Y es que hay más gente de la que creemos dispuesta a ayudar. De esto trata precisamente el último trujamán que he escrito, aún por publicar: de las páginas de agradecimientos no escritas de los traductores. Nadie es tan listo ni tan bueno que se baste a sí mismo. (No, tú tampoco, morenín.) Cuando traduje a Malaparte ya recurrí a la táctica del morro descarado y saqué de ello, además de la solución a mis dudas, un par de buenas amistades. He vuelto a hacerlo con la novela que acabo de terminar, L’estate alla fine del secolo de Fabio Geda y no podría estar más contento del resultado. Olvídense de aquello del traductor como ave solitaria. No cuela. La de Geda, por cierto, es una novela deliciosa, una de esas novelas que logran narrar no ya la voz del autor, sino la mirada de un niño, un libro que me recuerda a esa perla de Julián Ayesta, Helena o el mar del verano, o a Mi familia y otros animales de Durrell. No veo la hora de que salga.

Verano suelen ser unos meses bastante muertos, pero la verdad es que (por la crisis o lo que sea) este año he visto más movimiento que de costumbre. Aparte del libro del señor filósofo, la canícula barcelonesa me ha traído otro encargo curioso: The Nao of Brown de Glyn Dillon, el primer cómic de mi vida. Una vez más, los motivos de mi alegría son algo ingenuos: una editorial para la que no había trabajado, un género que no había tocado, y el hecho de que la propuesta viniera del amigo Arnau, editor de Norma. Creo que me vendrá como agua de mayo ponerme con él cuando acabe (quizá literalmente) con Cavell.
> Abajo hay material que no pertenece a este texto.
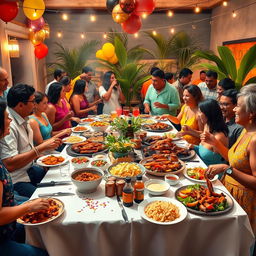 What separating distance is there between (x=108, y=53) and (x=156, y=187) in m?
4.89

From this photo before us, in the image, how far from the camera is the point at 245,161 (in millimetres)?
1803

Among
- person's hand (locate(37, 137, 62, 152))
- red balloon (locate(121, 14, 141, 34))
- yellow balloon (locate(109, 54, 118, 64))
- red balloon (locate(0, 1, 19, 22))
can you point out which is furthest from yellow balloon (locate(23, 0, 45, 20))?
person's hand (locate(37, 137, 62, 152))

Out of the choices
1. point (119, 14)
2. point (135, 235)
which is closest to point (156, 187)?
point (135, 235)

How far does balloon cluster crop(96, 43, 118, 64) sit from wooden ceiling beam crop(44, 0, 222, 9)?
1391 mm

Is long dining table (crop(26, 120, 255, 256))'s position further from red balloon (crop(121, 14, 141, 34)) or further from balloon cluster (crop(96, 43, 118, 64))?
balloon cluster (crop(96, 43, 118, 64))

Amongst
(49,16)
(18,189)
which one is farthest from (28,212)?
(49,16)

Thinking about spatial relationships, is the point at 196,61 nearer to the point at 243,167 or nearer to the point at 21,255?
the point at 243,167

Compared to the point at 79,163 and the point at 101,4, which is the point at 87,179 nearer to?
the point at 79,163

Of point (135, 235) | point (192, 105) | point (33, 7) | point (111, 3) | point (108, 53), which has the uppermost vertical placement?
→ point (111, 3)

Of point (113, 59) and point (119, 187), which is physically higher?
point (113, 59)

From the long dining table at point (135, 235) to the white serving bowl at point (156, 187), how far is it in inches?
7.9

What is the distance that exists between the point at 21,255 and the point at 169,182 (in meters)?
0.99

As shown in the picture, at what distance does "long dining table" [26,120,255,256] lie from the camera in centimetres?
138

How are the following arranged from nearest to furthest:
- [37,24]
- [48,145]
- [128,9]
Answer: [48,145]
[128,9]
[37,24] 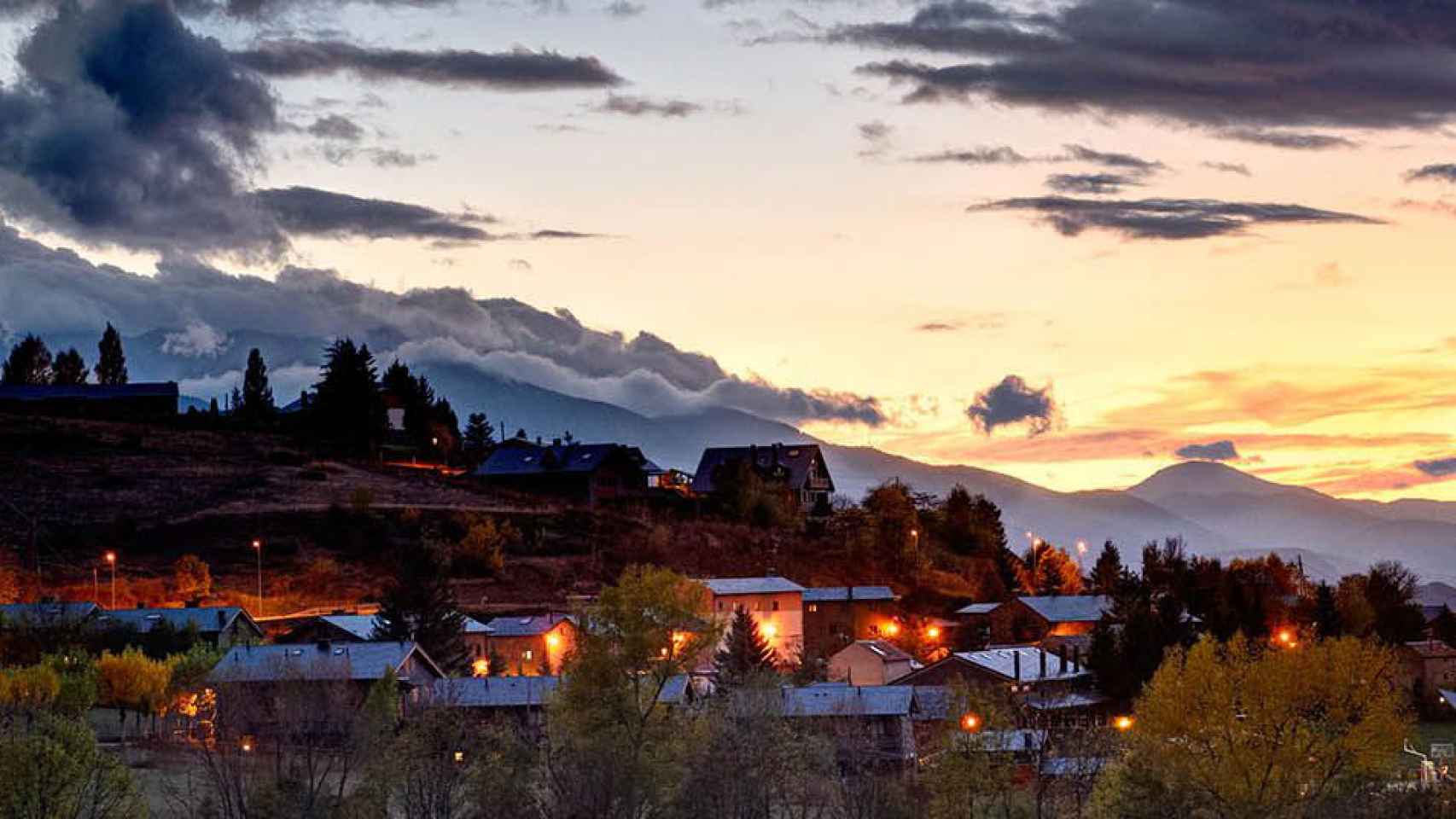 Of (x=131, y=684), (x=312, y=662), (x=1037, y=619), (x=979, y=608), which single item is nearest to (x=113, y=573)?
(x=131, y=684)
No todo el monte es orégano. También hay encargos que se malogran. Por cuestiones de calendario no he podido aceptar un librito de Curzio Malaparte. Lo digo tal cual, pero me repatea las tripas. Le recomendé al editor que se pusiera en contacto con Paula Caballero, la otra malapartiana. Espero que lo haya hecho. Parece que últimamente, Malaparte y yo llevamos el paso cambiado: en enero me hablaron de la posibilidad de traducir otros dos libros suyos, pero el proyecto sigue en el limbo a la espera de un acuerdo con la propietaria de los derechos. Y ya que hablamos de Malaparte: este mes Tusquests pone a la venta la biografía de Maurizio Serra que comentamos aquí hace unas semanas. En breve colgaré una reseña de la traducción.

Y esto sería todo si, como traca final, no me hubiera metido en un último embolado. Pero de eso hablaremos otro día.